トランスクリエーション?
数年前から「トランスクリエーション」なる単語を耳にするようになりました。つい先日発売された通訳翻訳ジャーナル2017春号にも「広告・マーケティング翻訳の新しい形 トランスクリエーションとはどんな仕事か」という記事が載っています。
上記記事によると、トランスクリエーションとは「ソース言語のコピーが喚起する感情や印象を把握し、それと同じものを喚起させるようなコピーをターゲット言語で書くこと」だそうです。
私の正直な感想は「なにそれ。
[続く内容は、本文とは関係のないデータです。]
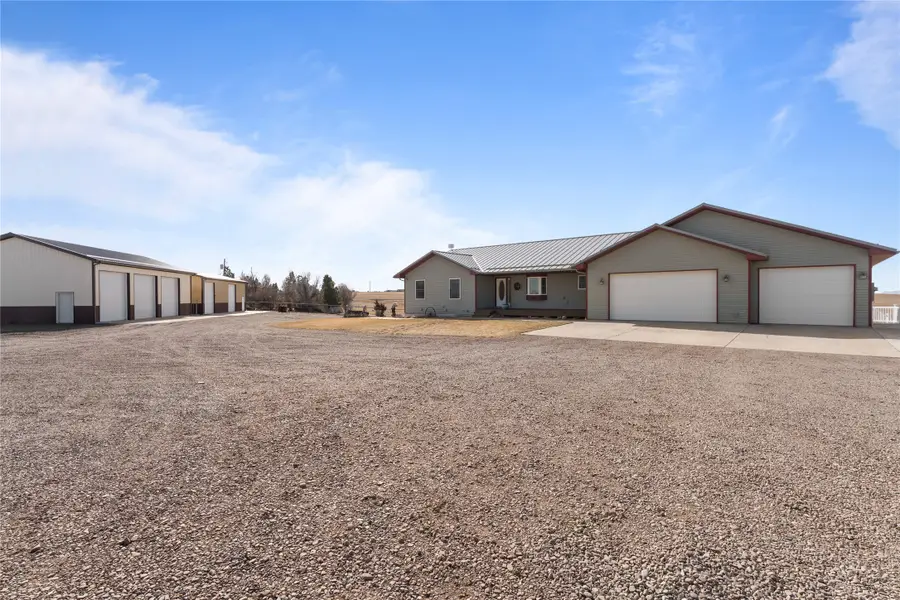 3400 6th Street Nw, Great Falls, MT 59404 - #3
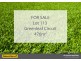 Lot 113 Greenleaf Circuit, Tarneit VIC 3029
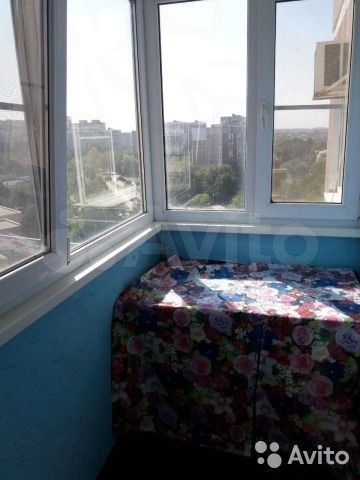 1-комн., 38.2 м², 10/10 этаж, мкр-н Юбилейный, ул. Бульварное Кольцо, 12 — фото 3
それって単なる『翻訳』じゃん」です。
翻訳フォーラムの仲間4人による共著『翻訳のレッスン』にもくり返し書いていますが、少なくとも私の回りにおいて、翻訳とは「原文の読者が頭に思い浮かべる絵と訳文の読者が頭に思い浮かべる絵が同じになるような訳文を作ること」です。そして、この絵には感情や印象も含まれます。明るい絵と暗い絵では、喚起される感情も当然に異なるわけですから。
であるはずなのに、そこまで考えて訳文を作ることは「クリエーション」であるとなにかすごそうな表現がなされるとは……それって、世の中一般における翻訳とは「字面の変換」にすぎないと言っているに等しいですよね。そして、この言葉がだんだんとバズワードになりつつあるらしいということは、実際、世の中一般における翻訳とは「字面の変換」にすぎないケースが大半ということなのでしょう。
いや、まあ、そうだろうと昔っから思ってきてはいるし、だからこそ、このブログでも、どこかで話をするときでも、『翻訳のレッスン』でも、そんなんじゃダメだよって話をくり返しているわけですが、でも、こうして改めて突きつけられると、がっくり気落ちします。